Let $X$ be a Banach space. Consider the map $$ \alpha\colon X\hat{\otimes} X^* \to B(X)^*, $$ defined one simple tensors as $$ \alpha(\xi\otimes\eta)(a) = \eta(a(\xi)).\quad (\xi\in X, \eta\in X^*, a\in B(X)) $$ Put differently, we consider the pairing between $X\hat{\otimes} X^*$ (the projective tensor product of $X$ and its dual space $X^*$) and $B(X)$ (the algebra of bounded linear operators on $X$) induced by $$ \langle \xi\otimes\eta, a\rangle = \langle a(\xi), \eta \rangle. $$
Question: Is $\alpha$ isometric?
This question arose when I tried to make sense of the ultraweak topology on $B(X)$ for a (nonreflexive) Banach space $X$. The question asks if $B(X)$ always has a distinguished part of its dual, which could be thought of as a generalization of a predual. However, even if $\alpha$ is isometric, I don't think it necessarily implies that $X\hat{\otimes} X^*$ is a predual of $B(X)$.
One reformulation of the question is as follows: Consider the map $$ \beta\colon B(X) \to B(X^*) $$ which sends an operator $a\in B(X)$ to its transpose $a^*\in B(X^*)$. This map is isometric and we can therefore think of $B(X)$ as a subspace of $B(X^*)$. Then $\alpha$ is isometric if and only if $B(X)$ is $1$-norming in $B(X^*)$ - meaning that the unit ball of $B(X)$ is weak-dense in the unit ball of $B(X^*)$, for the weak-topology on $B(X^*)$ induced by the isometric isomorphism $B(X^*)\cong (X\hat{\otimes} X^*)^*$.
Some more remarks:
WeOriginally I had written: "We know that $B(X)$ is always weak*-dense in $B(X^*)$. (In general, this is weaker then being $1$-norming.) Translating back to $\alpha$, this means that $\alpha$ is always injective." However, as pointed out by Bill Johnson below, not even that is the case. So the answer to my question is a big "NO".

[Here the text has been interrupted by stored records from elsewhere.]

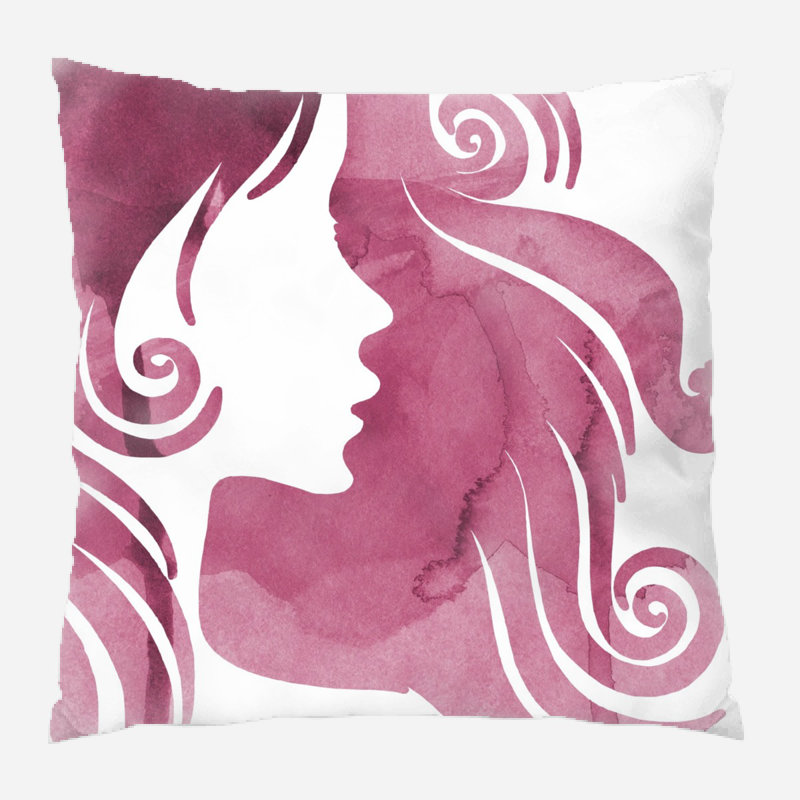  Coussin rose, Microsuède, Intérieur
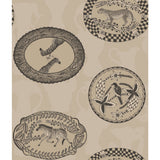 COLE & SON - MATRINAH- STONE & GILVER - Wallcovering by the Roll
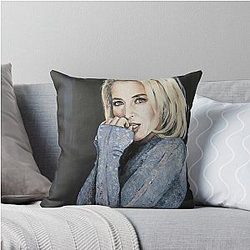Gillian Anderson Throw Pillow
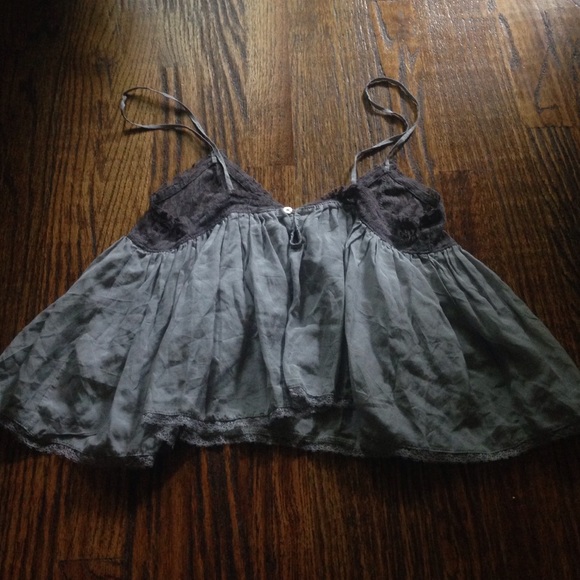 NWOT Intimately Free People Babydoll Lace Tank Top - Picture 4 of 5
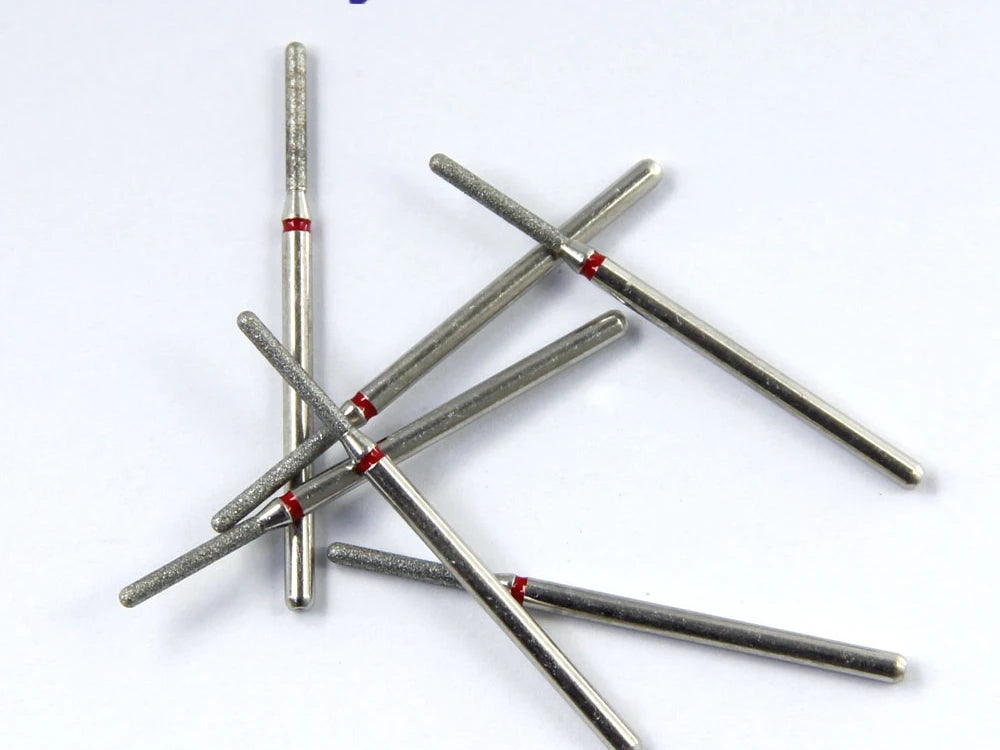 10pcs/set 2.35mm Shank Electroplated HP bur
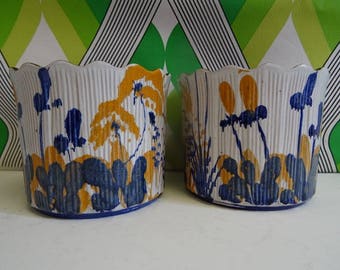 Marei ceramic planter 60s 70s German design WGP lava rare decor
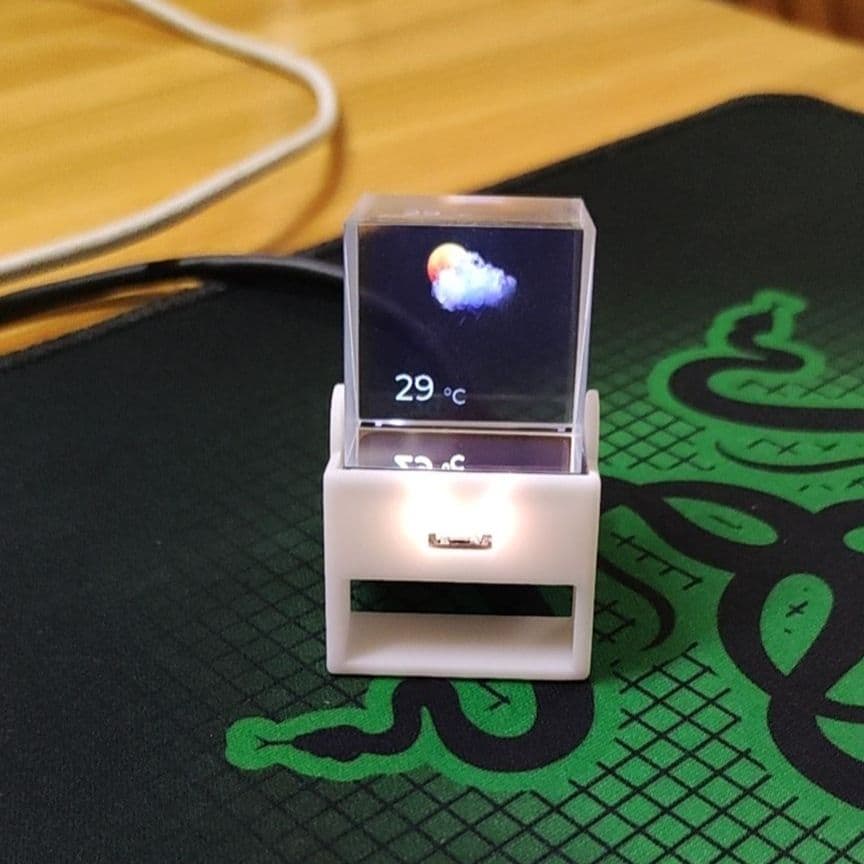 稚晖君的透明小电视HoloCubic复刻项目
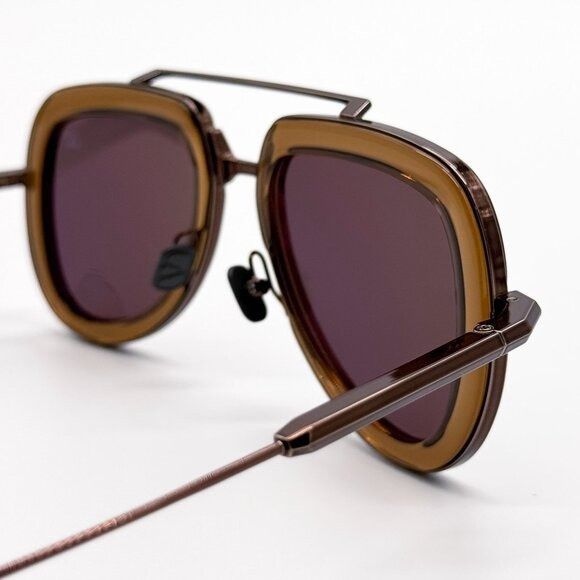Valentino NEW VALENTINO SUNGLASSES VLS-129D BROWN MEN AVIATOR EYEWEAR Size ONE SIZE - 5 Thumbnail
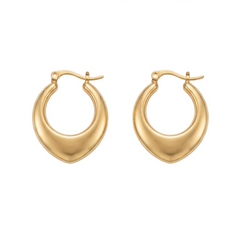 PENDIENTES ACERO DORADO
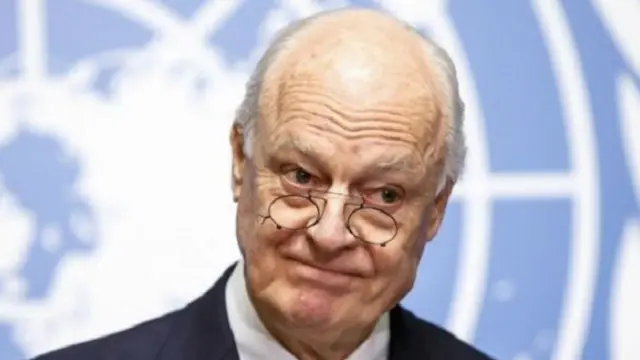 مبعوث الأمم المتحدة لسوريا ستيفان دي ميستورا التزم الصمت إزاء الجهات التي دعاها للانضمام لمحادثات السلام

If $X$ is reflexive, then $\beta$ is surjective, and so $\alpha$ is isometric. (This can also be seen more directly.)
If $X$ has the metric approximation property, then already the unit ball of $F(X)$, the finite rank operators on $X$, is weak*-dense in the unit ball of $B(X^*)$. Thus, also in this case, $\alpha$ is isometric.